Segment Start: Data

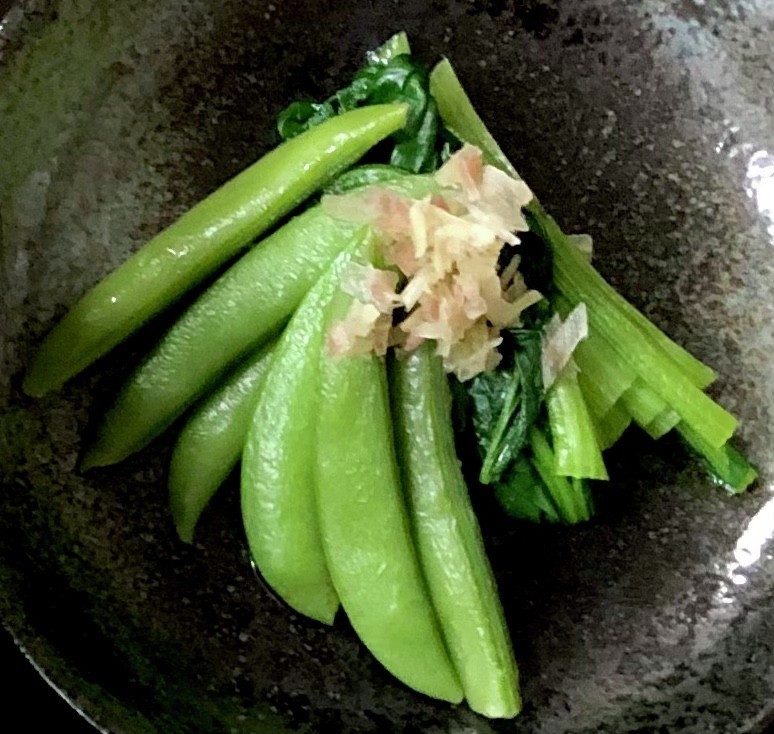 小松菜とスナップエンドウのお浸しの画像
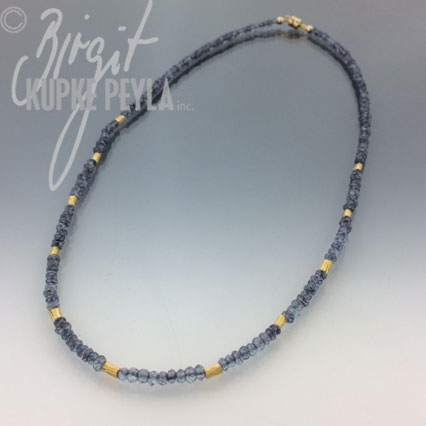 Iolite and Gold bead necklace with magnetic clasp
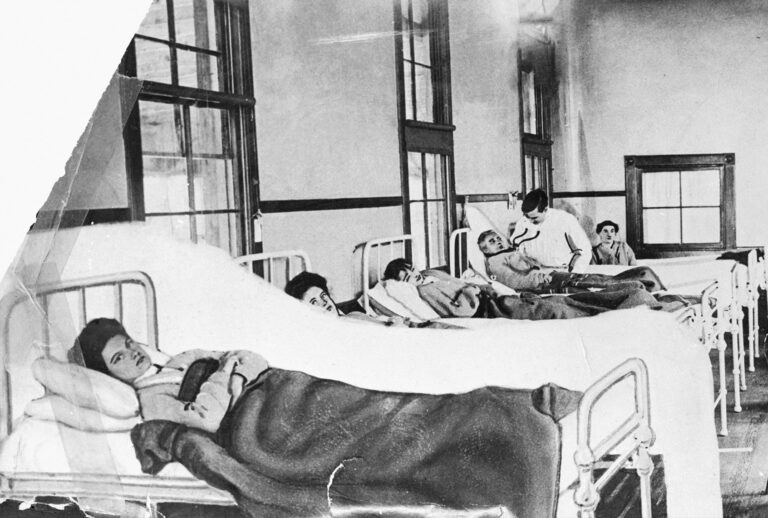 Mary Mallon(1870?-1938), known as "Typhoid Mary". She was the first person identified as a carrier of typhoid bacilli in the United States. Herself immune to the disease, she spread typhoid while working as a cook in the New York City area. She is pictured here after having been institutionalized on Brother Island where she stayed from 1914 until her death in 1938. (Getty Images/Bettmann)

Segment End: Data
Segment Start: Data

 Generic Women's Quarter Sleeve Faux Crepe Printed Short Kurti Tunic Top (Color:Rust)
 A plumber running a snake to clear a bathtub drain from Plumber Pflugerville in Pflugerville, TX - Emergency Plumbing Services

Segment End: Data
Segment Start: Data

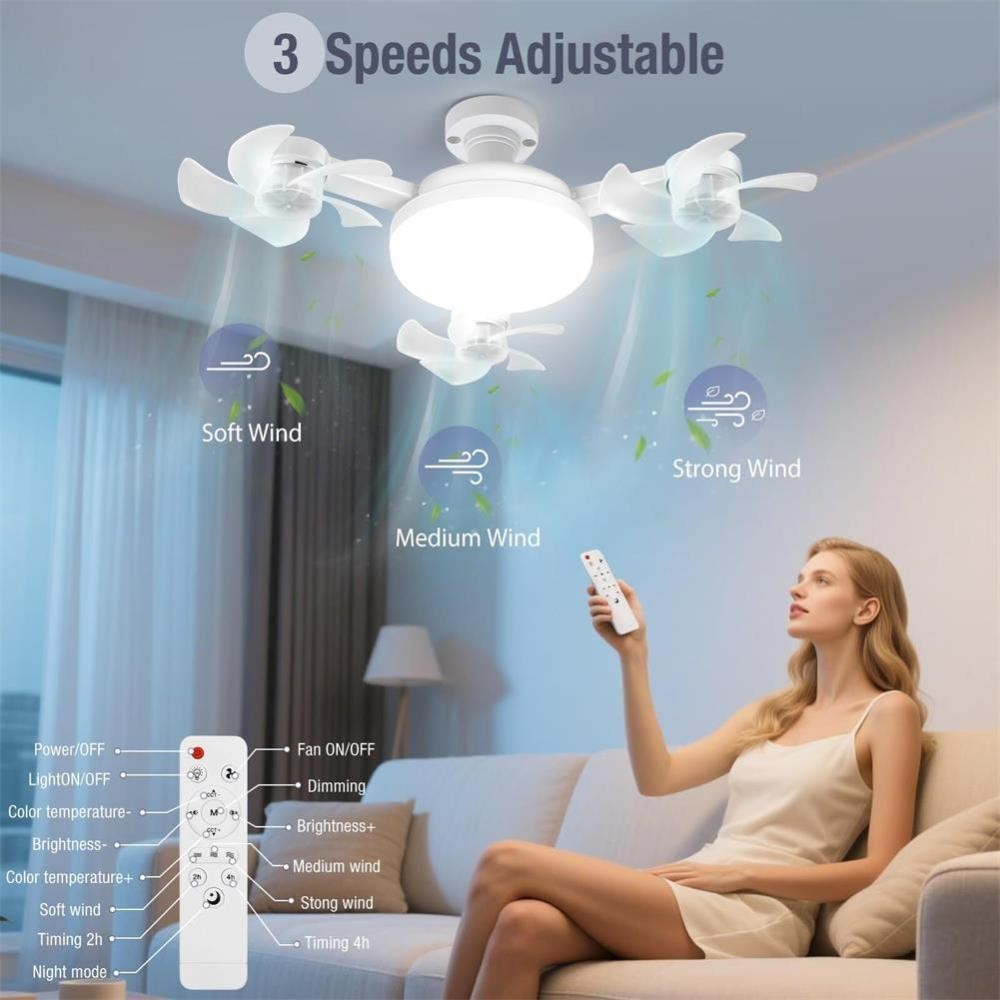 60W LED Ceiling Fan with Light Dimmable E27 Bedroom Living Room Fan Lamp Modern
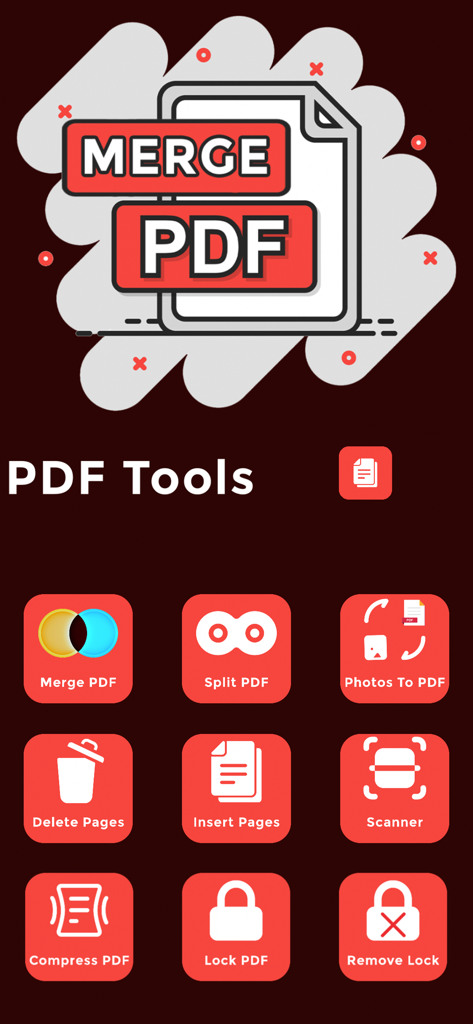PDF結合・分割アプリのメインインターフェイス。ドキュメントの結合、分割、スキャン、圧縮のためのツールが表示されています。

Segment End: Data

Requirement: Write back the stretch of lines above that begins with the line holding "小松菜とスナップエンドウのお浸しの画像" and ends with the line holding "Mary Mallon(1870?-1938), known", both included, exactly as written. Pictures stay out.

Output of the exercise:
 小松菜とスナップエンドウのお浸しの画像
 Iolite and Gold bead necklace with magnetic clasp
 Mary Mallon(1870?-1938), known as "Typhoid Mary". She was the first person identified as a carrier of typhoid bacilli in the United States. Herself immune to the disease, she spread typhoid while working as a cook in the New York City area. She is pictured here after having been institutionalized on Brother Island where she stayed from 1914 until her death in 1938. (Getty Images/Bettmann)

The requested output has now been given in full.